The facility, located in Waverly, Ohio, approximately 60 miles south of Columbus, will help the company process 20 million to 30 million pounds of recycled plastic annually between its two facilities. Geo-Tech Polymers' other facility is in Westerville, just north of Columbus.
The company said it is able to remove coatings including screen printing and labels from plastics substrate materials using detergents. That removal process allows the company to transform the “plastic scrap into recycled resin that can be certified back to its original prime specifications,” the company said in a statement about the new facility.

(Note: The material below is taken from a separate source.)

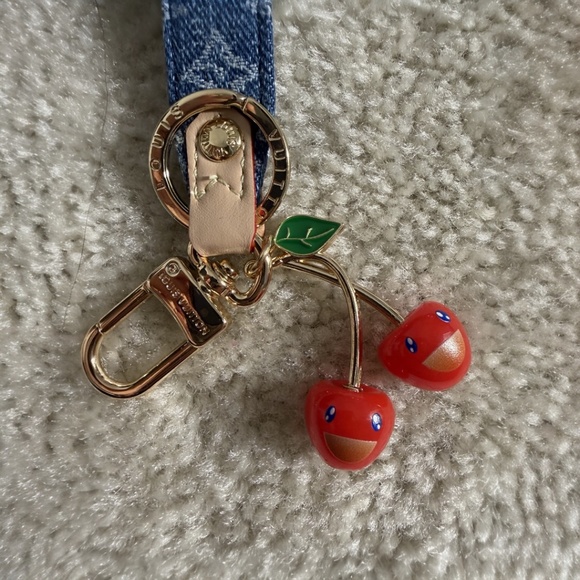 🔥 Louis Vuitton Denim Cherry Key Charm – Iconic Accessory 🍒🔥 - Picture 2 of 3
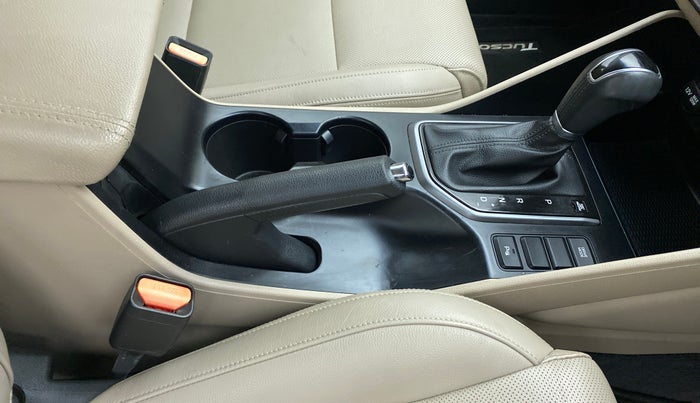 2016 Hyundai Tucson 2WD AT GL PETROL , Petrol, Automatic, 21,218 km, Gear Lever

Geo-Tech Polymers serves the retail packaging and automotive industries, along with others, to push for closed-loop recycling. The company's process is especially effective items made from thermoplastic polyolefins, Geo-Tech Polymers said.
“With 100,000 square feet of space, we're able to better support the retail packaging market in their efforts to recycle decorated plastics scrap into high-quality product at considerable savings,” Geo-Tech Polymers' General Manager Doug Gels said in a statement.
When the project was originally announced in 2012, the company told Plastics News that it planned to run one line in Westerville and two lines in the new space in Waverly, boosting total capacity by 150 percent. The company received local incentives to locate the facility in Waverly.
Geo-Tech Polymers is owned by Wastren Advantage Inc., a waste management and recycling services company. Wastren Advantage had $100 million in revenue in 2012 and has approximately 350 employees in nine offices throughout the country. The company is headquartered in Piketon, Ohio, just south of Waverly.